Since the discussion is about toolset and compilers, it's worth noting that 4kb intros on windows platforms are nowadays built using a "compressing linker" called crinkler.
Instead of compressing the binary code of the original executable as data which then gets uncompressed when the real executable is run (in that area, kkrunchy is the state of the art on windows), crinkler produces a compressed executable directly, at linking time.
This comments seems a little bit shortsighted. Where do you stop? Is it okay if you write your own interface to the hardware drivers, bypassing DirectX/OpenGL? Or do you also have to write your own drivers to the graphics and sound? Your own operating system? Design your own hardware? There's no such thing as an "all-in" app.

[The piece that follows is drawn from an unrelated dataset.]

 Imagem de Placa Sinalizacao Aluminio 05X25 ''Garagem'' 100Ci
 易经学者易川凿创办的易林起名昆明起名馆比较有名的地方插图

All of those things have certainly been done on the demoscene. In the demoscene, size-limited competitions have implicit convections, unwritten rules if you will, to ensure that everybody competes on fair terms. For 4kb intros it is currently accepted (if not encouraged) to use the DirectX/OpenGL APIs. It is also considered acceptable to use the font-writing API's, and some groups exploit this to generate vector graphics out of obscure font symbols.
For sound, it's expected that you either write your own software synthesizer (or collaborate with somebody who has written one), or use the MIDI APIs. For 1kb intros, MIDI API sounds are expected. There was a big controversy in 2008, when the 4kb intro Texas (http://pouet.net/prod.php?which=51448) won the 4kb competition at NVScene. Many people considered its use of samples from mp3s included with the Windows operating system cheating, since it went outside the bounds of what is considered acceptable use of the OS resources.
So there are some implicit conventions about what you can and cannot do, and if you want to compete fairly and impress your fellow sceners, you should follow them.
Of course, most demoscene parties feature the wild demo competitions, where pretty much anything goes. Demosceners always reward hard work and clever hacks, so if you want to impress, create a demo on your self-built hardware and enter into this competition. You will have a fair chance at one of the prizes.
Usually, they go with whatever resources are available to the OS they're using. C64 demosceners statically link; Windows demosceners dynamically link, because they can.